Después llegó “Como yo te amé”, seguida de “Contigo aprendí” y esa maravillosa pieza llamada “Lejanía”. Pero fue con “Urge”, de Martín Urieta, cuando la cantante decidió romper la distancia entre el escenario y las butacas.

Aranza bajó. Se acercó a su gente y comenzó a cantar entre el público. No necesitó más que su voz. Incluso se animó a responder algunas solicitudes y a cantar a capela, demostrando que cuando una intérprete domina realmente su instrumento, no necesita esconderse detrás de una producción para conmover.
Y hubo más. Subió hasta el segundo piso del recinto para encontrarse con quienes la observaban desde arriba, cantó, saludó, se tomó fotografías y convirtió el concierto en una experiencia mucho más cercana.

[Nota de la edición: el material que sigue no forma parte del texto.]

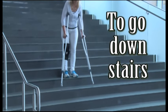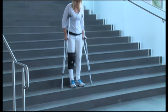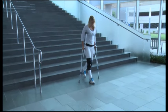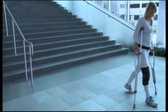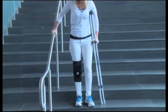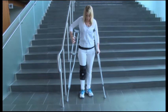To go down steps, start at the edge of the step keeping your hips beneath you. Place crutches on the lower step. Your injured leg goes down next. The healthy leg is last. Check your balance before you continue. Make sure you bend at the hips and knees to prevent leaning forward, which could cause you to fall. If there is a sturdy handrail available, hold both crutches under one arm and use the handrail with the other arm. Place crutches on the lower step, your injured leg goes down next, and the healthy leg is last.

En ese recorrido apareció también Yago, cuya voz varonil sorprendió y provocó esa reacción que se siente físicamente: la piel chinita.
Aranza regresó al escenario para continuar con “Cómo se cura” y “Finge que no”.
Más adelante llegó otro de los momentos especiales de la noche: el encuentro con Myriam, quien tuvo su propio espacio para interpretar una pieza antes de regresar junto a Aranza para cantar “Detrás de mi ventana”.
Dos voces frente a frente. Dos maneras de interpretar y una canción que encontró nueva vida en ese encuentro.

Y mientras avanzaba el concierto, también avanzaba el tiempo. Aranza nos llevó hacia atrás. Hacia aquellas canciones que parecían hechas con otra paciencia, con otra delicadeza. Hacia una época en la que las letras podían quedarse a vivir en la memoria y las voces tenían espacio para respirar.
Por momentos fue inevitable sentirse nuevamente niña y recordar las canciones, las voces, las historias y esa manera de hacer música que no necesitaba correr para llegar al corazón.
Eso fue precisamente lo que Aranza consiguió en Monterrey: detener el tiempo.
La cantante ha sido largamente esperada por su público regiomontano y su regreso dejó una sensación clara: hacen falta más espectáculos donde el artista pueda ser, sencillamente, artista.
Donde cantar bien importe.
Donde interpretar signifique algo.
Donde exista respeto por las canciones y por quienes están sentados del otro lado del escenario.
Aranza tiene esa capacidad. Se entrega, escucha, improvisa, se acerca, canta a capela y, sobre todo, hace sentir que cada persona en el recinto forma parte de la noche.
Cuando finalmente llegó el cierre, quedó esa sensación que dejan los conciertos verdaderamente buenos: la de haber recibido mucho y todavía querer más.
La noche del sábado, Aranza no solamente cantó grandes canciones. Nos recordó por qué algunas voces nunca pasan de moda.